# Task
An exact copy of the entries is required, excluding any pictures.

# Record extracts
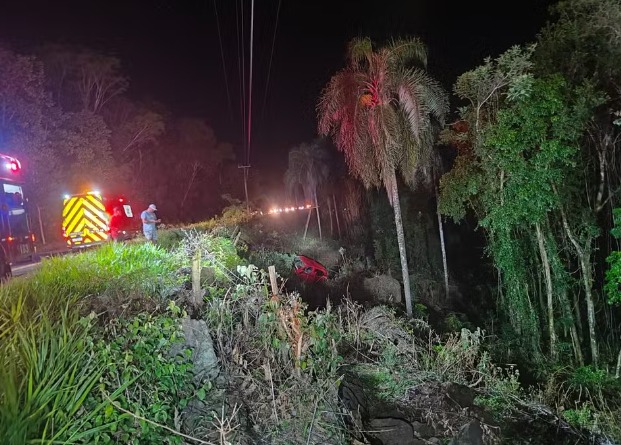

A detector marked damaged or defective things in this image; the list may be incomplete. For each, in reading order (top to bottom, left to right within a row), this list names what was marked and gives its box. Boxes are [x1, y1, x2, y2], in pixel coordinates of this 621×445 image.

red crashed car [294, 255, 326, 282]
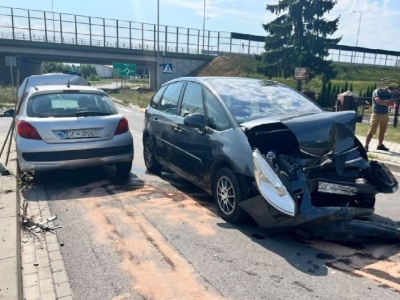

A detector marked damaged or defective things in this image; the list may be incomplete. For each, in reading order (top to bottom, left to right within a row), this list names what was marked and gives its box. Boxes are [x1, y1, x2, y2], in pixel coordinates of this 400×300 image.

damaged black car [142, 77, 398, 239]
crumpled hood [241, 110, 356, 157]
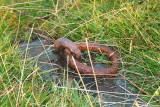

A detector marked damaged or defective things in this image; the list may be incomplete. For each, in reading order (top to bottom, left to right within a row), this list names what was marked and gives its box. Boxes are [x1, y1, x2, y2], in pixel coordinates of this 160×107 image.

rusted anchor ring [54, 38, 119, 77]
rusty metal ring [64, 42, 120, 77]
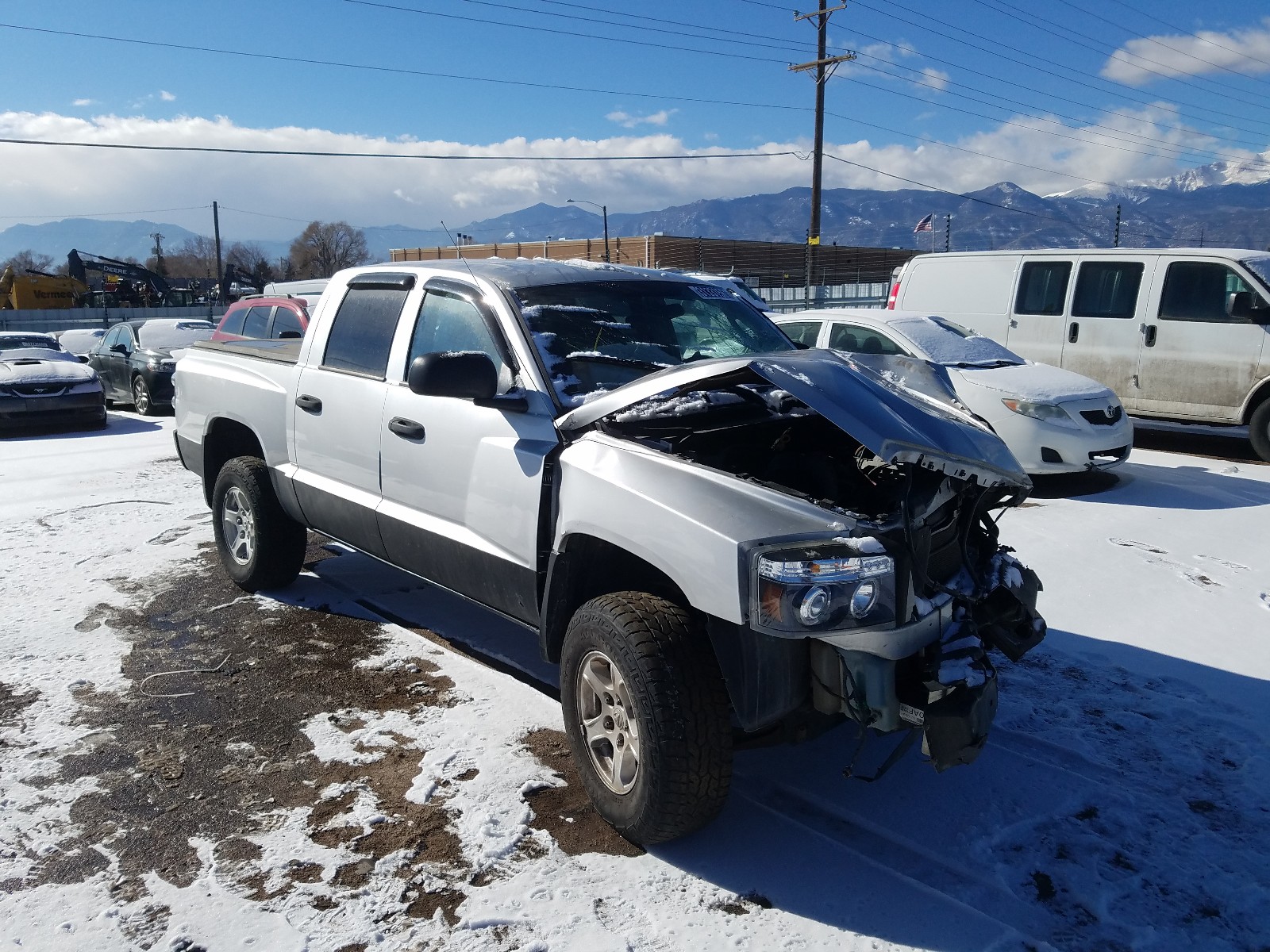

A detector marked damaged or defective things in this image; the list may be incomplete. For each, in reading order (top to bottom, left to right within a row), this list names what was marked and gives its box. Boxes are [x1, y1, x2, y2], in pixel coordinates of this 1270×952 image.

crushed front hood [559, 347, 1029, 492]
wrecked white pickup truck [174, 257, 1048, 844]
damaged headlight [749, 543, 895, 631]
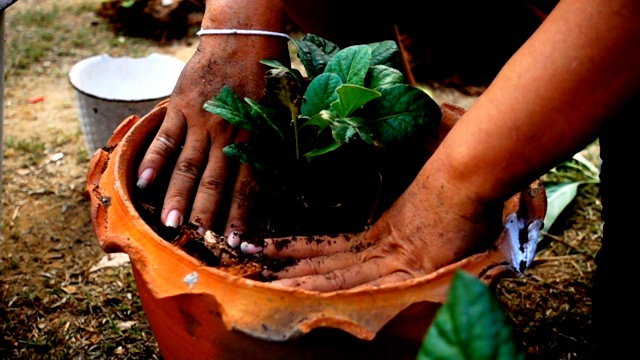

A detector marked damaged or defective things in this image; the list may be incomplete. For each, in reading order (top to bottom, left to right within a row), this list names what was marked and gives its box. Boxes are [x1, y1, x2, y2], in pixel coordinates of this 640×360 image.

broken clay pot [85, 100, 544, 358]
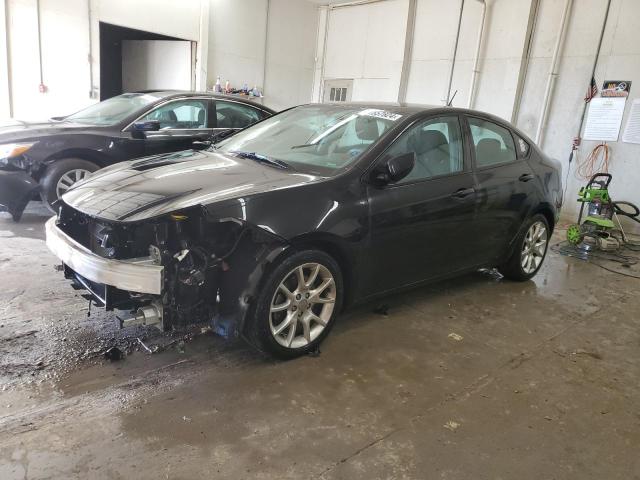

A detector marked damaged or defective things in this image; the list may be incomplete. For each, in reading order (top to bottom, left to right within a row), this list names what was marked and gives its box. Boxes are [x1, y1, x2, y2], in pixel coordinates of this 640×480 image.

damaged headlight area [0, 142, 36, 172]
crumpled front bumper [0, 170, 39, 220]
exposed bumper reinforcement bar [45, 217, 164, 292]
crumpled front bumper [44, 217, 165, 294]
black damaged sedan [0, 91, 272, 220]
damaged headlight area [51, 204, 286, 336]
black damaged sedan [46, 103, 560, 358]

# Response
A detector marked damaged or defective things in this image; the list may be incomplete. For each, in reading order (top to bottom, left to right within a row), this list names what was marked and gives its box. Boxes are [x1, y1, x2, y2], in pixel coordinates of this 621×445 image.

red crashed car [294, 255, 326, 282]

A detector marked damaged or defective things in this image; the list may be incomplete. For each, in reading order (top to bottom, left to right within a row), this list names what was marked and gives its box. Boxes are [x1, y1, x2, y2], in pixel coordinates of this 400×300 image.

damaged black car [142, 77, 398, 239]
crumpled hood [241, 110, 356, 157]

A detector marked damaged or defective things in this image; the list may be incomplete. For each, in reading order (top to bottom, left to right within a row), this list names what was marked and gives its box. Boxes are [x1, y1, x2, y2], in pixel coordinates of this 160×107 image.

rusted anchor ring [54, 38, 119, 77]
rusty metal ring [64, 42, 120, 77]

A detector marked damaged or defective things in this image; the list may be incomplete. For each, in reading order (top to bottom, left to right within a row), this list names what was marked and gives its box. Boxes are [x1, y1, x2, y2], in pixel coordinates of this 1270×952 image.

crushed front hood [559, 347, 1029, 492]
wrecked white pickup truck [174, 257, 1048, 844]
damaged headlight [749, 543, 895, 631]

A detector marked damaged or defective things in this image; the list may be incomplete. For each, in reading order (top to bottom, left to right within a row), this list names what was marked and gives its box. Boxes are [x1, y1, x2, y2], in pixel coordinates of this 640×360 image.

broken clay pot [85, 100, 544, 358]

A detector marked damaged or defective things in this image; the list may be incomplete. For each, in reading order (top to bottom, left to right within a row), this list names what was marked and gives its box. Boxes are [x1, y1, x2, y2], in pixel coordinates of this 640×480 image.

damaged headlight area [0, 142, 36, 172]
crumpled front bumper [0, 170, 39, 220]
exposed bumper reinforcement bar [45, 217, 164, 292]
crumpled front bumper [44, 217, 165, 294]
black damaged sedan [0, 91, 272, 220]
damaged headlight area [51, 204, 286, 336]
black damaged sedan [46, 103, 560, 358]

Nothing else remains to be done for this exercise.